▶ _Data extract_
========================

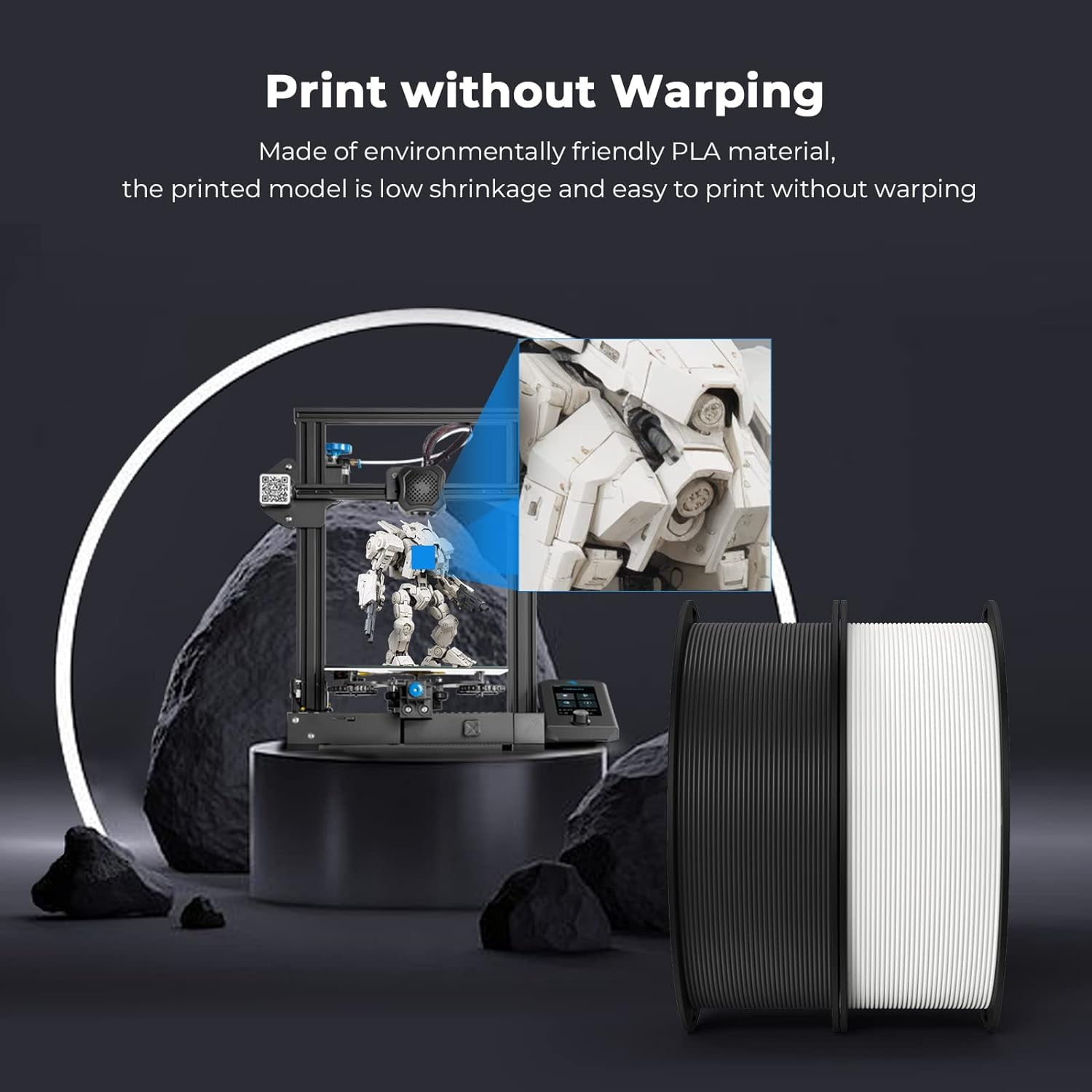 2-Pack Creality 3D Printer Filament, 1.75mm PLA Filament Bundle 2kg for 3D Printing, Ender PLA Filament No-Tangling, Strong Bonding & Overhang Performance, Accuracy +/- 0.02mm, Black & White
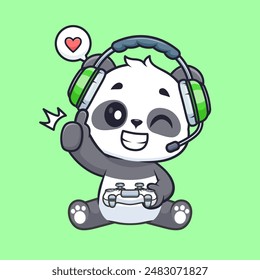 Cute Panda Gaming Cartoon Vector Icon Illustration. Animal Technology Icon Concept Isolated Premium Vector. Flat Cartoon Style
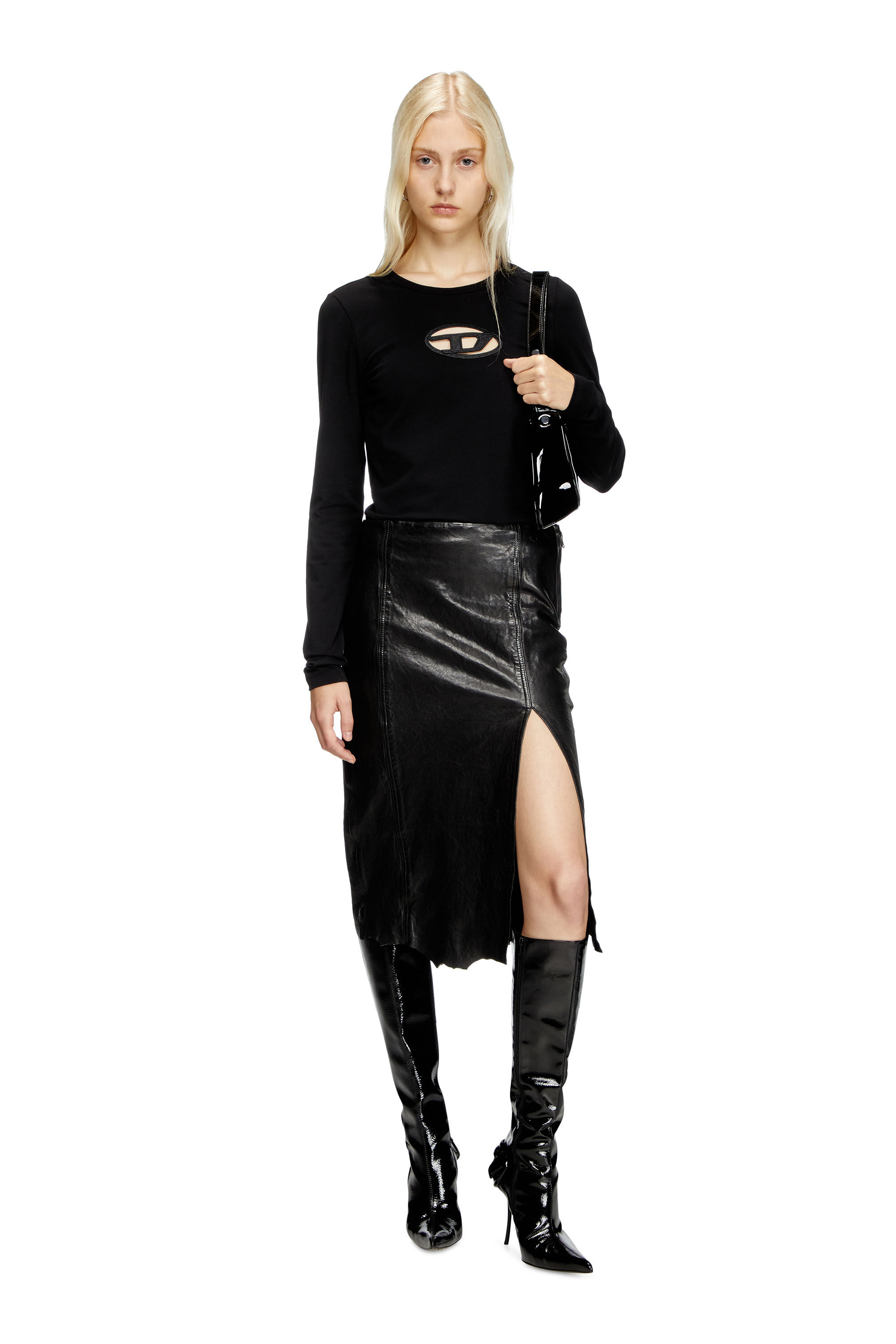 Diesel - L-RUPA, Female's Midi skirt in shiny wrinkled leather in Black - 1
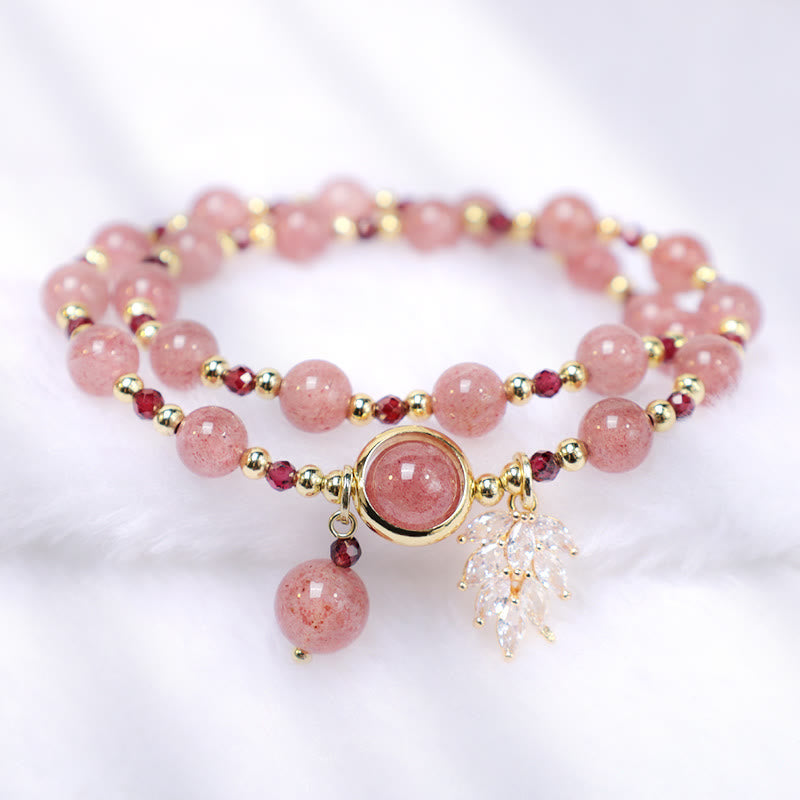 Karma Stone Natural Strawberry Quartz Love Healing Maple Leaf Charm Double Wrap Bracelet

========================

▶ _What is being asked_
Drop the images and repeat the data exactly.

▶ _Solution to this exercise_
 2-Pack Creality 3D Printer Filament, 1.75mm PLA Filament Bundle 2kg for 3D Printing, Ender PLA Filament No-Tangling, Strong Bonding & Overhang Performance, Accuracy +/- 0.02mm, Black & White
 Cute Panda Gaming Cartoon Vector Icon Illustration. Animal Technology Icon Concept Isolated Premium Vector. Flat Cartoon Style
 Diesel - L-RUPA, Female's Midi skirt in shiny wrinkled leather in Black - 1
 Karma Stone Natural Strawberry Quartz Love Healing Maple Leaf Charm Double Wrap Bracelet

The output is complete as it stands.